> [Task to carry out]: Please reproduce all of the listing below exactly and drop its images.

> [Input data]:
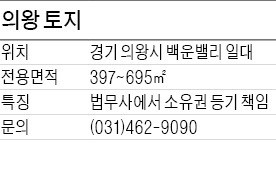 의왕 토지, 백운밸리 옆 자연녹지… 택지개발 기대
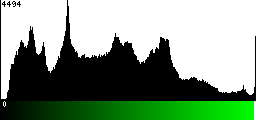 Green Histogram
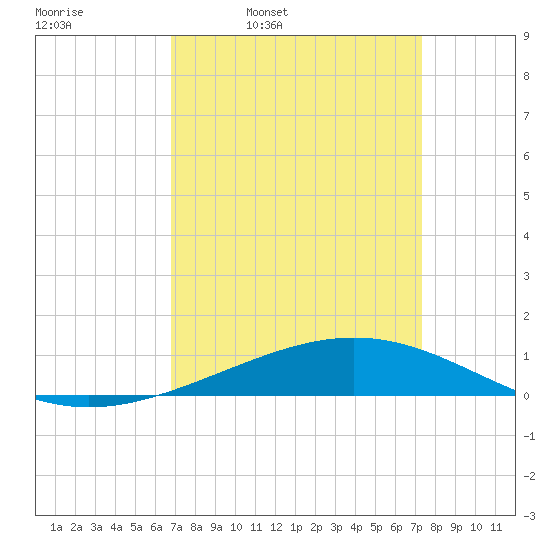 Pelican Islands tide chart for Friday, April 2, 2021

> [Answer to the exercise]:
 의왕 토지, 백운밸리 옆 자연녹지… 택지개발 기대
 Green Histogram
 Pelican Islands tide chart for Friday, April 2, 2021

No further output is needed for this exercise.